Ah. Just watching this YouTube video makes me want to jot down ideas for a fabulously campy, space-age Halloween party.
So why don’t we see the same kind of giddy enthusiasm for costumes in sci-fi films anymore? What’s changed today?
Well, for starters, recent films such as “Interstellar”, ”The Martian”, “Inception” and “Ex Machina” avoid clothing their actors in overtly hi-tech attire; attire which can quickly become dated. In fact, they tend not to feature fashion technology at all; most characters wear subtle apparel such as basic trousers, shirts, and jackets. You might argue that this shift is because audiences aren’t living in the Space Age craze of the 60s and 70s anymore. But I don’t think that’s necessarily the answer, especially considering that space age designs are still prevalent (Dior, for one, isn’t letting go). No, directors and designers now want to retain an element of authenticity and realism by keeping clothing simple and minimal. Instead of showcasing unfamiliar clothing in an already unfamiliar world, films give us costumes that look different enough to be curious and yet not so different, not so eccentric.
One particular film that does a stellar job is Spike Jonze’s “Her.” The film is set in futuristic Los Angeles, a time where operating systems can adapt and evolve past humans capabilities. Despite the advancement in technology, most of the clothing could be mistaken for what we wear today. Costume designer Casey Storm expressively made it so, stating, “What a lot of futuristic films do and we didn’t, is add things. No epaulets, badges, materials, textures.” Indeed, the main character wears simple buttoned shirts and his best female friend dons jumpers and a frumpy hairdo. It might seem rather artless but would people in the future really want to wear uncomfortable-looking, wetsuit-type attire? Storm argues, “If you have access to anything you want in the future, why would you create a cold world for yourself? Why would we be moving into textures and materials that were not organic and recyclable? It made more sense to use cottons and wools, not metals and plastics.” Storm presented moviegoers with her vision of what an advanced society would choose to wear and not what they scientifically could, an innovative and daring new approach in modern cinema which challenges her predecessors and opens a new door for the visual look of films of a similar genre.
Does this mean that all high-tech fashion is silly? Not at all. “The Hunger Games” is one example of a recent film set in a dystopian future that utilises flamboyant, ultramodern clothing but it is also cautious in its approach. Only an elite group of characters wears stylized attire and it functions to emphasise their overindulgent and greedy behavior. Hi-tech fashion is very visible in the film (especially in this powerful scene) but it is oftentimes political; it adds to the narrative and does not distract from it. Costume designer Judianna MakovskyI explains this choice, stating, “We didn’t want it so overly stylized that it wasn’t a real place—it is a real place.” And that’s precisely it. Filmmakers do not want moviegoers to be mere spectators; they want them to envision themselves within the narrative, accepting a make-believe realm as their own. This acceptance is easier if recognisable elements are present so audiences can call it their home, ignoring that the characters and places are not only fictitious but light years away.

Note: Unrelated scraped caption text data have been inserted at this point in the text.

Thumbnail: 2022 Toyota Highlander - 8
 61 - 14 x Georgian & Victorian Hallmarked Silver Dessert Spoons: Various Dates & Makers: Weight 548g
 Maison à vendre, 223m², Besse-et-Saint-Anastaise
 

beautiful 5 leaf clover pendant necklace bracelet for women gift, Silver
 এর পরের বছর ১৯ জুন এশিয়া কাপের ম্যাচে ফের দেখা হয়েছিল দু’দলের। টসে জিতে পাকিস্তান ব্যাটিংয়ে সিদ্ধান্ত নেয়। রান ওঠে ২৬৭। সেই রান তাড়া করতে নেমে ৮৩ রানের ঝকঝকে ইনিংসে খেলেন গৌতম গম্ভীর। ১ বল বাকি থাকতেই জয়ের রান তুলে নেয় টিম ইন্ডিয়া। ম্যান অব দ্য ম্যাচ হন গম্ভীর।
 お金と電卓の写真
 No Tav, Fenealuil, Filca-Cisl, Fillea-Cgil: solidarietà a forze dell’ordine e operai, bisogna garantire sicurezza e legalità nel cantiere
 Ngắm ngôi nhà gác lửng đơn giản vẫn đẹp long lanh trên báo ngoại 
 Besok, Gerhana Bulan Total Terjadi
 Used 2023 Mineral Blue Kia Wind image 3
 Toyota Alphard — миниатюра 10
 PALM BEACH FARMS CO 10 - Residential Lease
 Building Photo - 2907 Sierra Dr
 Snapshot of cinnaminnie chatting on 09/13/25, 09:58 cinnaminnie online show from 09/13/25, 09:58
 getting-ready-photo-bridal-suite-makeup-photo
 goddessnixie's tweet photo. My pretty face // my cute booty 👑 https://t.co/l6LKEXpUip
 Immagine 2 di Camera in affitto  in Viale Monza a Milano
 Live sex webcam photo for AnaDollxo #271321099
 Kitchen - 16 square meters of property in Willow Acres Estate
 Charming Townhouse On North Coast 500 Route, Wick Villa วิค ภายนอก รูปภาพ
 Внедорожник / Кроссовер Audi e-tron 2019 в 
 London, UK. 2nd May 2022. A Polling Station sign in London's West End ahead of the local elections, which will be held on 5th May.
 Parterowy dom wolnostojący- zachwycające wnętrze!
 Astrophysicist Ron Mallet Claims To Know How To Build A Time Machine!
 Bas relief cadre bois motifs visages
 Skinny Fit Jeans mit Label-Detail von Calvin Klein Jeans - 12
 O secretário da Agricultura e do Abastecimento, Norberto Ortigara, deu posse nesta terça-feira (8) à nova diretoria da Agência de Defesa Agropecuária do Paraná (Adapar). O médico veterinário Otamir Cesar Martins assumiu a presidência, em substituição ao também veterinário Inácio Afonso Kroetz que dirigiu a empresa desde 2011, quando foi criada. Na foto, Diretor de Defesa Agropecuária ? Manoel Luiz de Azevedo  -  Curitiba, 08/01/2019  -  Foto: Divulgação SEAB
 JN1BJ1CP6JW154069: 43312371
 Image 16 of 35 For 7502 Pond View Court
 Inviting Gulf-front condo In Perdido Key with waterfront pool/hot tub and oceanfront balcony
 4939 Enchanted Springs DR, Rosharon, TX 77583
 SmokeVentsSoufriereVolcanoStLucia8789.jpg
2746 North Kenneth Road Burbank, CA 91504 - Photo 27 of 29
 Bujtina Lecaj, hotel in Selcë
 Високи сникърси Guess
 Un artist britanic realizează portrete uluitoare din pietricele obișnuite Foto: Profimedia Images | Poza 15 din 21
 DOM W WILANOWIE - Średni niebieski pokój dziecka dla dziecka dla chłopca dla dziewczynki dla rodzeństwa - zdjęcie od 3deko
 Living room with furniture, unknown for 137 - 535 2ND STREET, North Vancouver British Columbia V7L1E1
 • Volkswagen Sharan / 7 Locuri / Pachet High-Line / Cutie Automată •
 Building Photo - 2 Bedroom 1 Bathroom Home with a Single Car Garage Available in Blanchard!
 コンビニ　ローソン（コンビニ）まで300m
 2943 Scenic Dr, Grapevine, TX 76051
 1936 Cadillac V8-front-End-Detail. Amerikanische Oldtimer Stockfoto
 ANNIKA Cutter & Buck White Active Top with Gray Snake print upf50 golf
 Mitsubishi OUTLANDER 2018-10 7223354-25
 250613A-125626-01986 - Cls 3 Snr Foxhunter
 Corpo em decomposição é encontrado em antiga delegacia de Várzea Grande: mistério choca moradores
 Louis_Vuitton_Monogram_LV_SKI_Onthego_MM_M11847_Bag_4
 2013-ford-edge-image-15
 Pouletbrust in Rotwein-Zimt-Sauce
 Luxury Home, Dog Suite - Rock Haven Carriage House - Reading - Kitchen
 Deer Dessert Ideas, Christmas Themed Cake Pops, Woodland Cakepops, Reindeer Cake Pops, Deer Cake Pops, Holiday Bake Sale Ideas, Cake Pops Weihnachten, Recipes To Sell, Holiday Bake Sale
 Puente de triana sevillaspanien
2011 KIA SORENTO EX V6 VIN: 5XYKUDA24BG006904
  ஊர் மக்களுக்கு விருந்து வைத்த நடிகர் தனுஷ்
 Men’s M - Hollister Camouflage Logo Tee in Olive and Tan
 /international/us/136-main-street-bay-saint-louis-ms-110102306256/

While advances in 3D printing and fashion technology are definitely fascinating, it’s equally fascinating and very refreshing that sci-fi filmmakers are taking a new approach by focusing on engaging their audience. Sci-fi costumes shouldn’t merely focus on looking smart, they need to be smart (Am I right, Edna Mode??). Thankfully, there are those in the film industry that understand this today. These sci-fi film costumes might not be as flashy or daring enough to feature in a cutting-edge exhibit but if they can make Joseph Gordon-Levitt look this good, then who’s complaining?